Smart cooking standards for a picnic with meats on the menu are prepared from a raw state - such as ground beef, pork, lamb, and veal - to an internal temperature of 160 degrees Fahrenheit as measured with a food thermometer. Cook all poultry to a safe, minimum internal temperature of 165 degrees Fahrenheit as measured with a food thermometer.

Cook meat and poultry completely at the picnic site.
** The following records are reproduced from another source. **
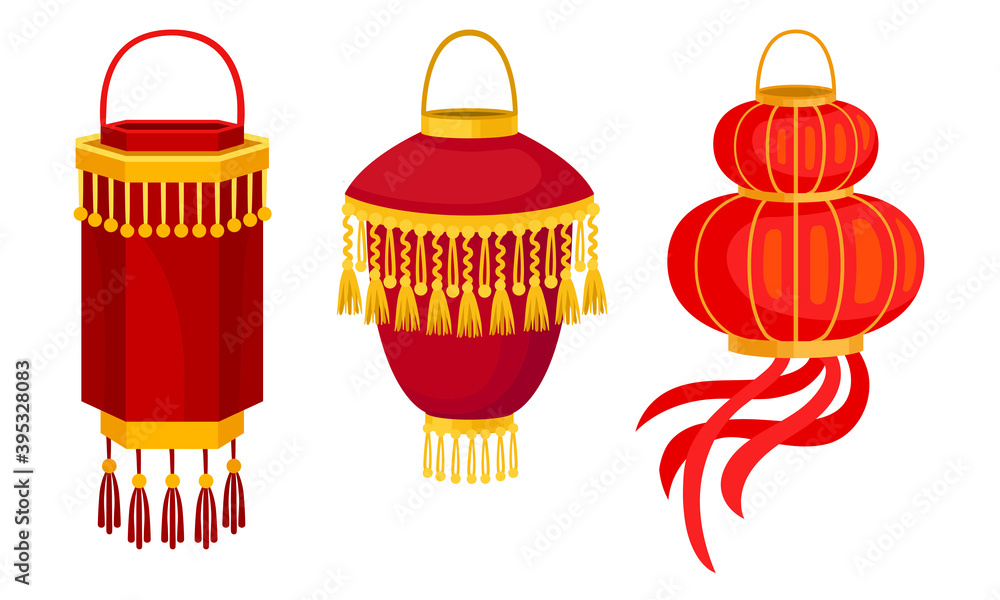Chinese Lantern Made of Paper or Silk as Festive Luminaria Vector Set Chinese Lantern Made of Paper or Silk as Festive Luminaria Vector Set
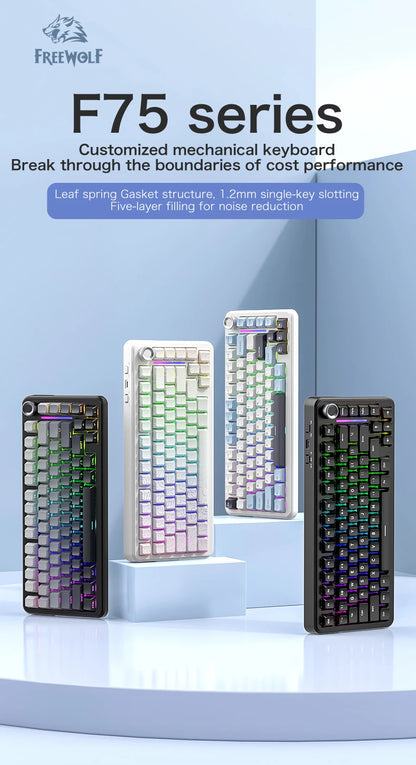 F75 Mechanical Keyboard FREEWOLF 81 Keys Layout Metal Knobs PBT Keycaps,Fully Hot-swappable Keys RGB Multi-color Backlighting
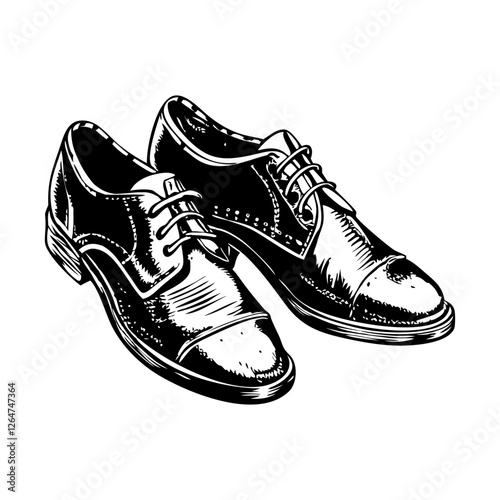 Groom shoes vector illustration in vintage style
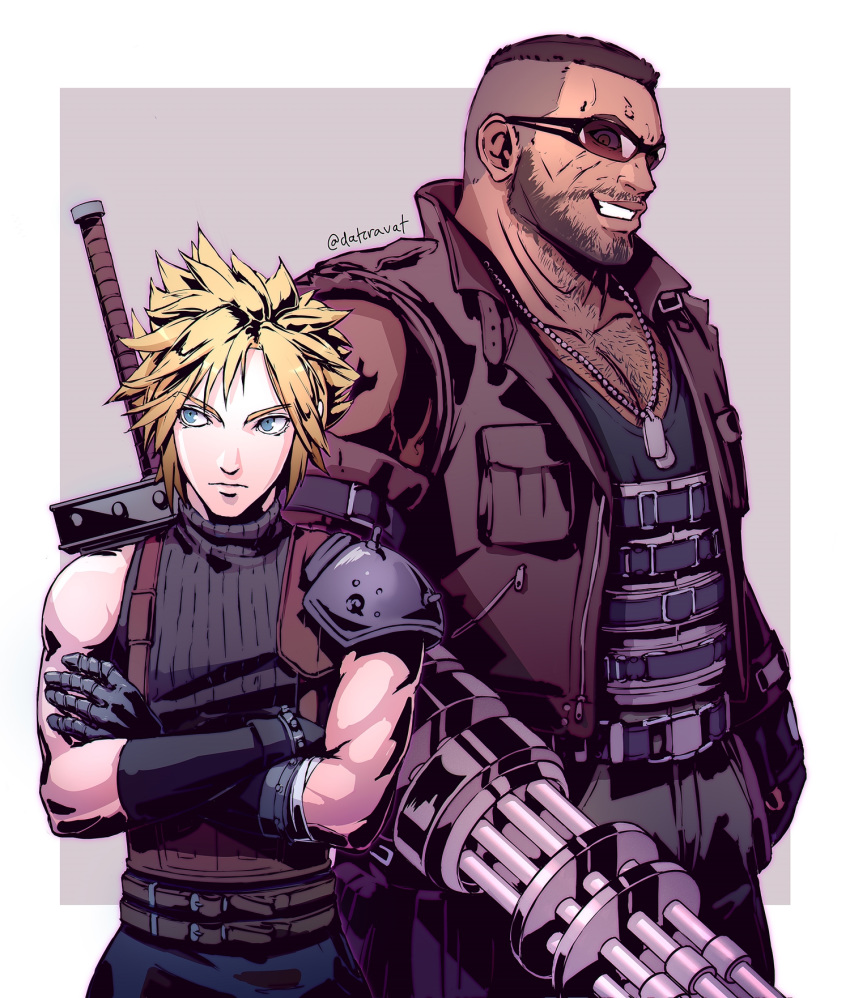 2boys arm_cannon bare_arms barret_wallace beard belt blonde_hair blue_eyes border brown_hair buster_sword chest_hair closed_mouth cloud_strife commentary cowboy_shot crossed_arms dark_skin dark_skinned_male datcravat dog_tags facial_hair final_fantasy final_fantasy_vii final_fantasy_vii_remake gauntlets grin highres male_focus multiple_boys muscle outside_border pauldrons serious shoulder_armor sleeveless sleeveless_turtleneck smile spiked_hair sunglasses sword sword_behind_back turtleneck twitter_username vest weapon white_border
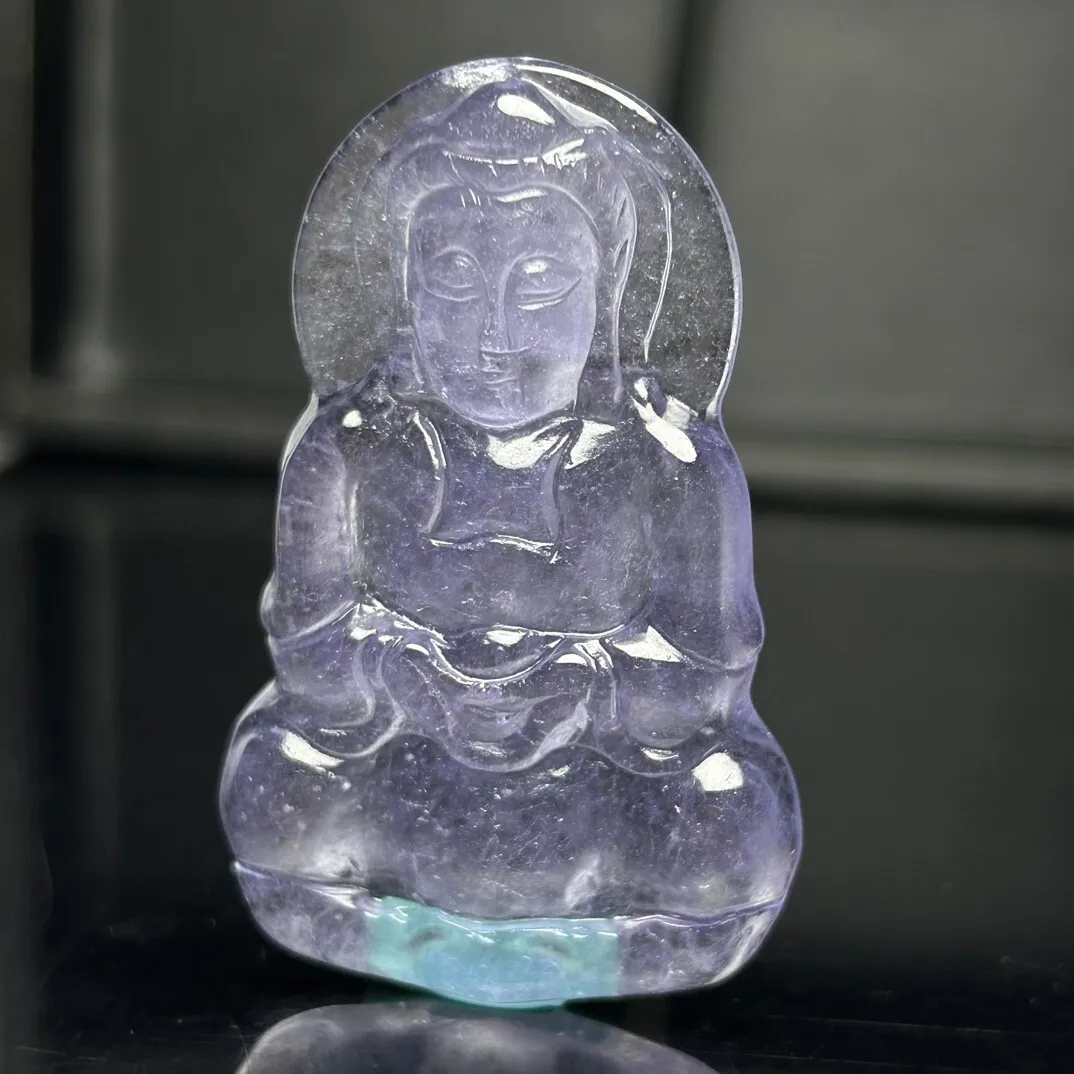 Certified Natural Lavender jade Jadeite Carved Avalokitesvara Pendant&Necklaces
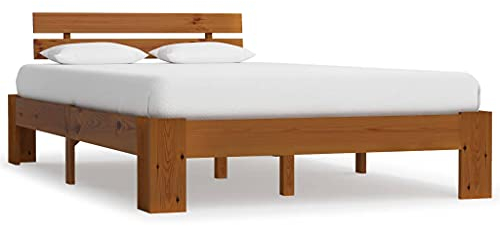 Hommdiy Kiefernholz Massiv Bettgestell Holzbett Futonbett Massivholz Bett Bettrahmen Lattenrost Schlafzimmerbett Honigbraun Kiefer 140x200 cm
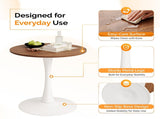 Round Tulip Dining Table, 27.6 Inch 2-Seater Kitchen Table, Melamine Laminated MDF Tabletop with 75894291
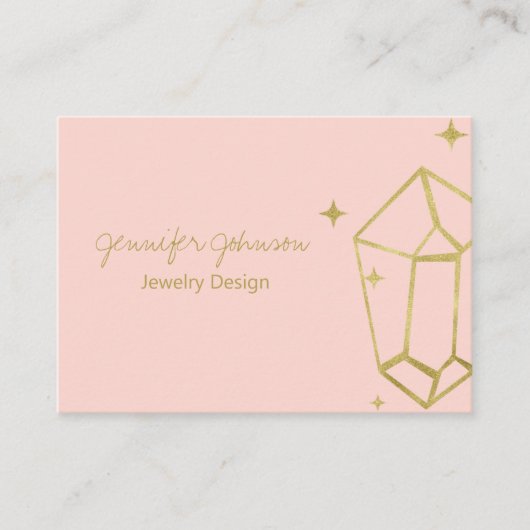 幾何学的ゴールドフォイルピンクビジネスカード 名刺 (正面)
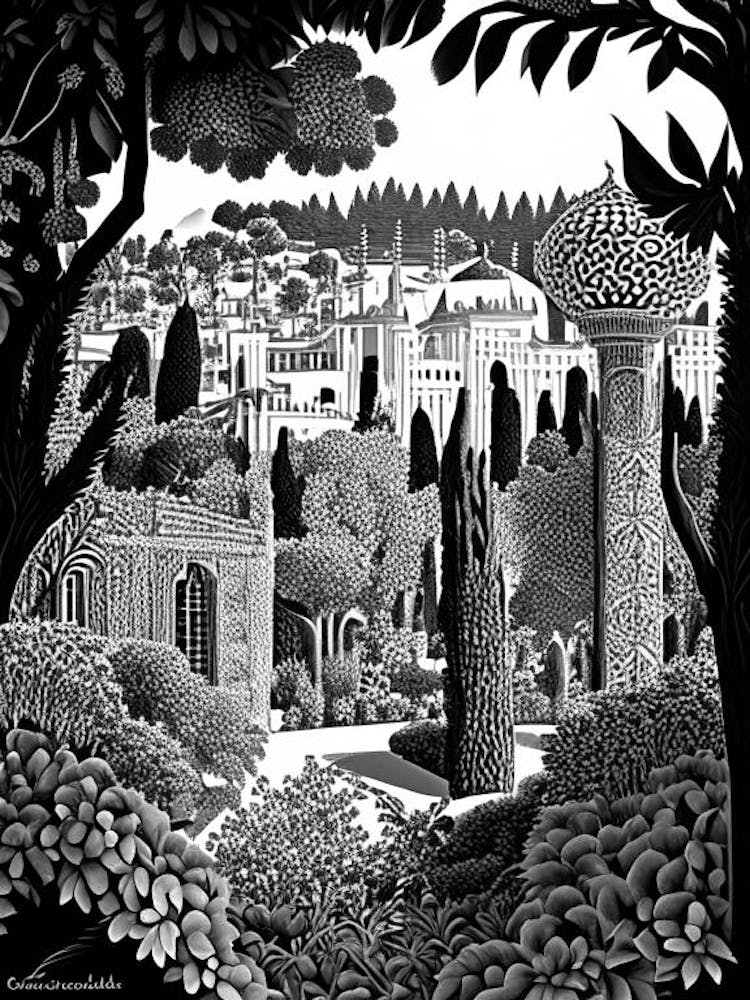 Gardens Of Alhambra, 1, Spain Linocut Black And White Vintage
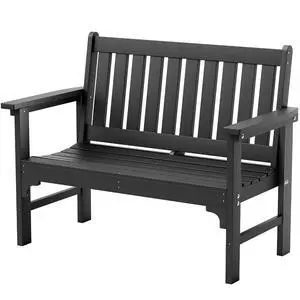Outdoor Garden Bench,2-Person Heavy Duty Ergonomic Outside Benches Weatherproof with 700 lbs Capacity,Ideal for Patio, Porch, Backyard, Black Outdoor Garden Bench,2-Person Heavy Duty Ergonomic Outside Benches Weatherproof with 700 lbs Capacity,Ideal for Patio, Porch, Backyard, Black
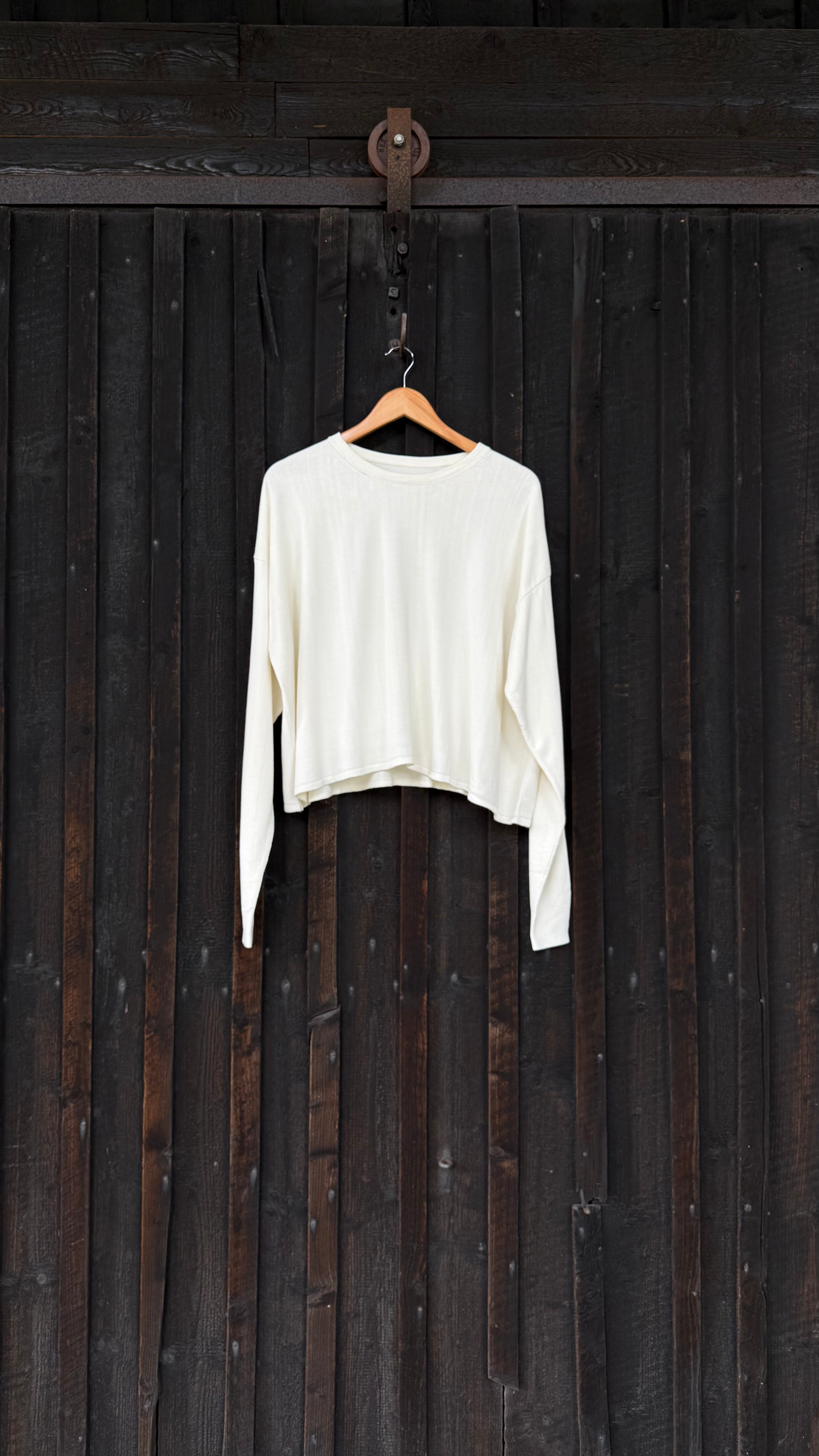 Handknit Bamboo Boatneck Long-sleeve Crop Top | Undyed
Partial cooking of food ahead of time allows bacteria to survive and multiply to the point that subsequent cooking cannot destroy them.

If your choice of how you will carry your foods to the picnic site leans toward the tradition of a beautifully crafted woven picnic basket, it will still merit a good cleaning before and after putting it to use.

However, if your choice involves a cooler, always make sure to thoroughly clean it out before and after each use, as creases and corners of these items are a favorite hangout for unfriendly bacteria.

Other basic and easy to follow ideas for safe and successful picnics include the following points:

If you choose to use ice, keep it from coming into direct contact with your foods by making sure they are wrapped or in containers.

"Picnic foods are especially susceptible to food safety problems because conditions often aren't sanitary, food may not be cooked properly, and heat and humidity could accelerate the growth of bacteria and other microorganisms," said Jeff LeJeune, microbiologist with Ohio State University Extension and the university's Ohio Agricultural Research and Development Center.

"The most important thing people can do to keep food safe is to wash their hands thoroughly and often," said the extension service expert. "Hand sanitizers and sanitizing wipes can help, but nothing replaces washing hands with soap under running water to keep hands clean, especially when you're handling food.

"And be sure the water you use to wash your hands is clean. If you're not sure clean running water is available at a picnic site, take a few gallon jugs of water with you, just to use to wash your hands."